The third and last part is in fact a JSON, composed by an object containing two keys, each of those describing how we want the body to look like for the lambda or the rest of the subscribers.

Finally, here is the whole awful URL-encoded string as a whole to be put in the template:

#set($allP=$input.params())
#set($body1=$input.body.replaceAll(" ",""))
#set($body2=$body1.replaceAll('\n', ''))
#set($body_lambda=$body2.replaceAll('"', '\\\\\\"'))
#set($body_def=$body2.replaceAll('"', '\\\"'))
Action=Publish##
&TopicArn=$util.urlEncode('putyourtopichere')##
&MessageStructure=json##
&MessageAttributes.member.1.Name=SN##
&MessageAttributes.member.1.Value.DataType=String##
&MessageAttributes.member.1.Value.StringValue=$util.urlEncode($input.params('SN'))##
&Message=%7B##
%22lambda%22%3A%22%7B##
%5C%22body%5C%22%3A%5C%22$util.urlEncode($body_lambda)%5C%22%2C##
%5C%22httpMethod%5C%22%3A%5C%22$util.urlEncode($context.httpMethod)%5C%22%2C##
%5C%22resource%5C%22%3A%5C%22$util.urlEncode($context.resourcePath)%5C%22%2C##
%5C%22pathParameters%5C%22%3A%7B#foreach($type in $allP.path.keySet())##
%5C%22$type%5C%22%3A%5C%22$allP.path.get($type)%5C%22#if($foreach.hasNext)%2C#end#
#end%7D%2C##
%5C%22queryStringParameters%5C%22%3A%7B#foreach($type in $allP.querystring.keySet())##
%5C%22$type%5C%22%3A%5C%22$allP.querystring.get($type)%5C%22#if($foreach.hasNext)%2C#end##
#end%7D%2C##
%5C%22headers%5C%22%3A%7B#foreach($type in $allP.header.keySet())##
%5C%22$type%5C%22%3A%5C%22$allP.headers.get($type)%5C%22#if($foreach.hasNext)%2C#end##
#end%7D##
%7D%22%2C##
%22default%22%3A%22$util.urlEncode($body_def)%22%7D

Testing

To show you how this works I’ll guide you through the testing of the simple integration we have made, a SQS queue has been subscribed to the topic, meaning that every message that will be published in it, will be directed to that queue. I named it after the parameter of the REST method so it’s kind of simple to address the right queue right from it (I’ll explain that in another trek ;) ).

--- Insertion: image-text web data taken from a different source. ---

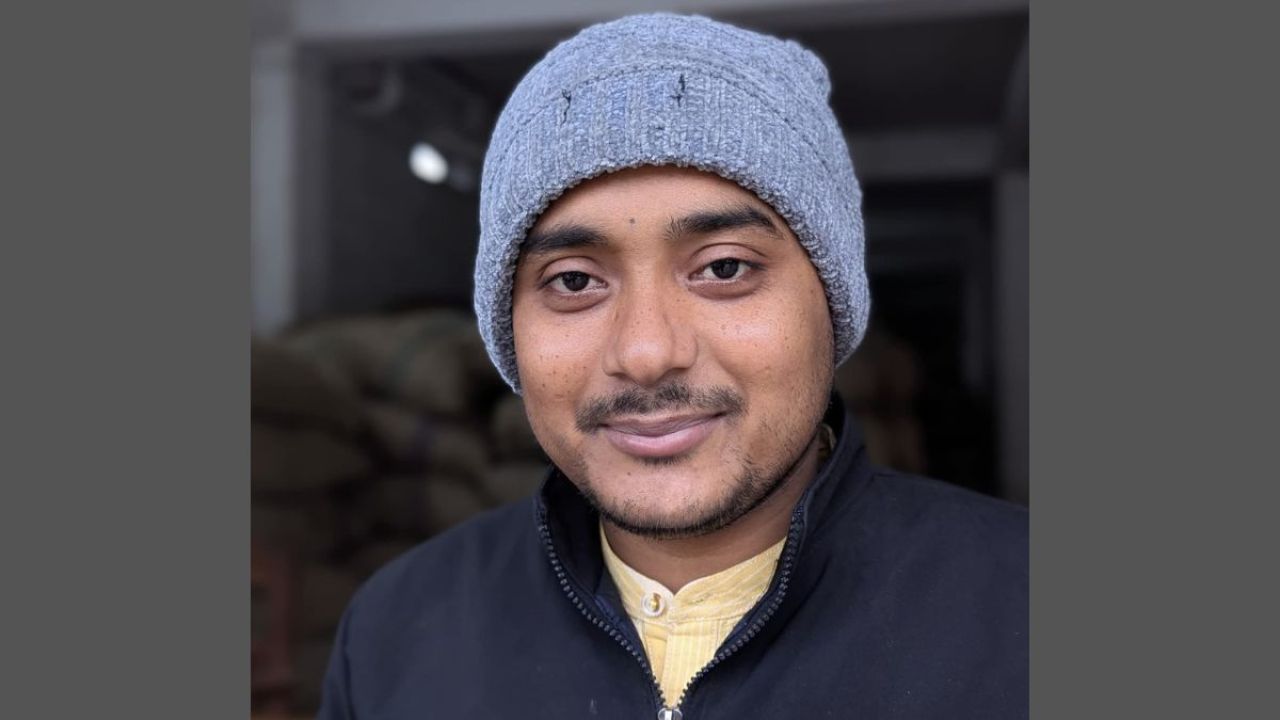 স্ত্রী-সন্তানকে বাঁচাতে গিয়ে বিদ্যুৎস্পৃষ্টে যুবকের মৃত্যু
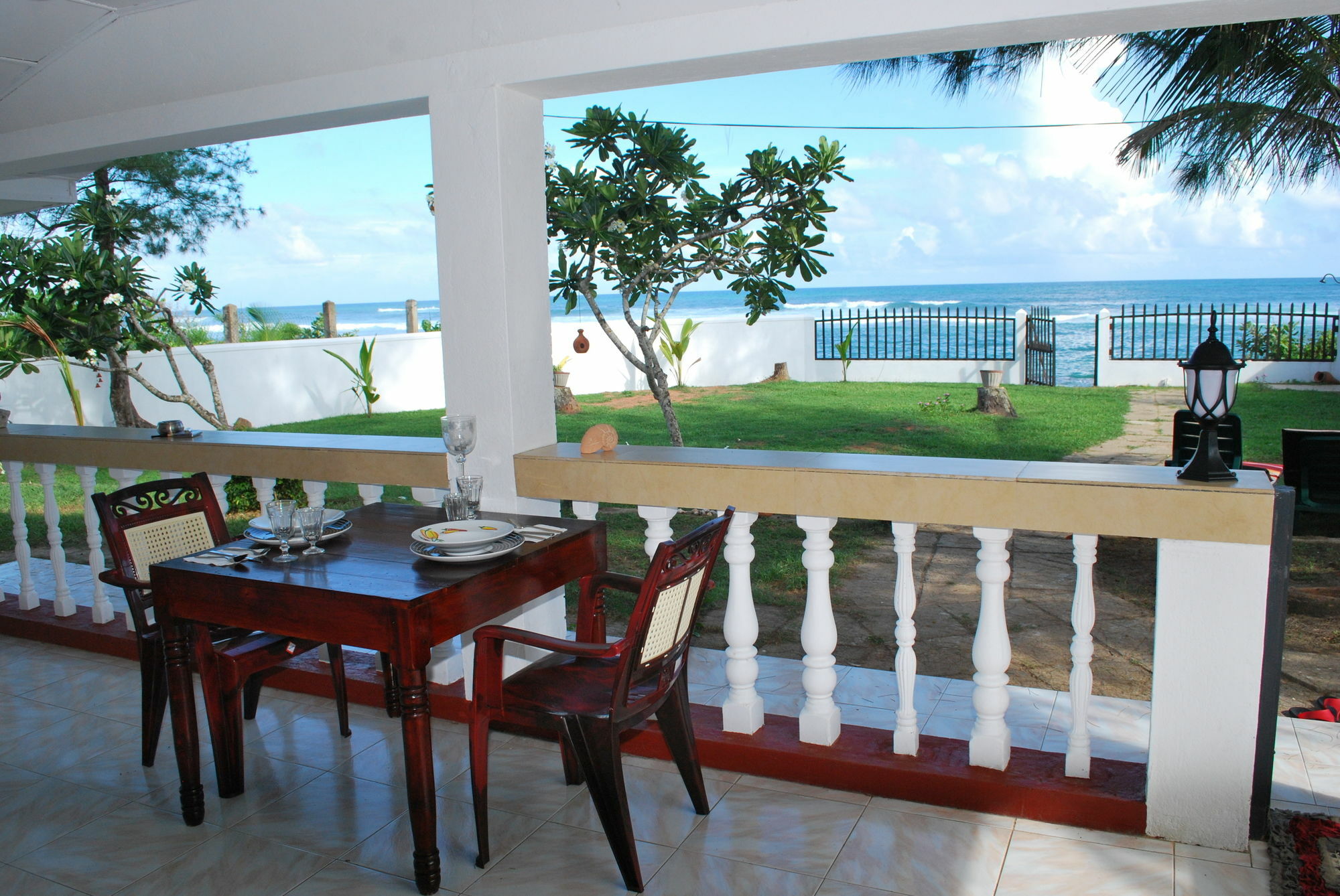 Beach House Mirissa Extérieur photo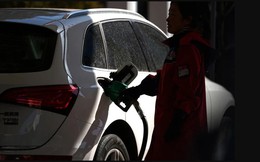 Giá dầu vượt ngưỡng 100 USD, chứng khoán thế giới chìm trong sắc đỏ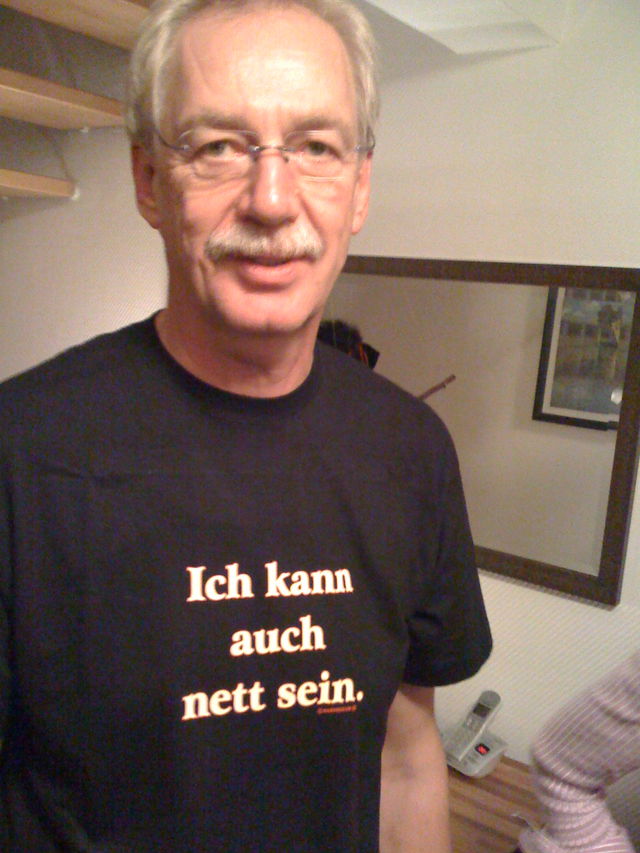 geburtstagsgeschenke sucht man sich nicht aus geschenk geburtstag vater t-shirt nett 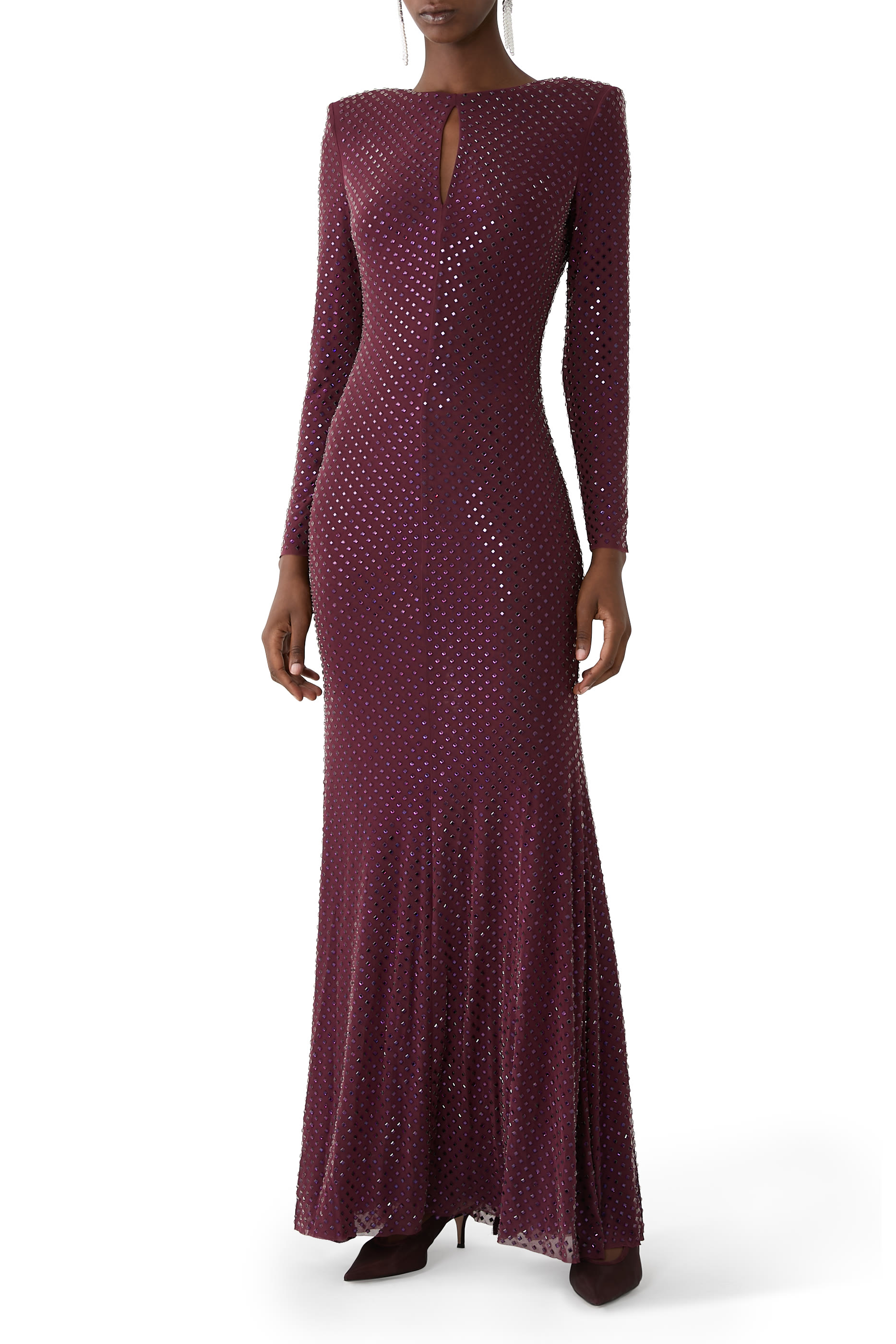 فستان طويل بفتحة وأحجار الراين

What I’m going to show you now is the whole path as depicted below.

In short order, using the testing interface of the API Gateway console to call the method and start off the process.

The request will flow through the API Gateway, the SNS topic and the SQS queue. There you will receive message: no lambda, just one request, one SNS message and one SQS message.

Conclusions

In this post you have seen in this post a general way to get the AWS API Gateway working with SNS without having a lambda between the two, this means fast, scalable and cheap event creation.

By fast, I mean tens of milliseconds. By scalable, I mean that every service that we use is managed by AWS and declared to elasticly scale-up to your needs. By cheap, I mean that one million of the tests that I showed you here cost less than one dollar. And no maintenance.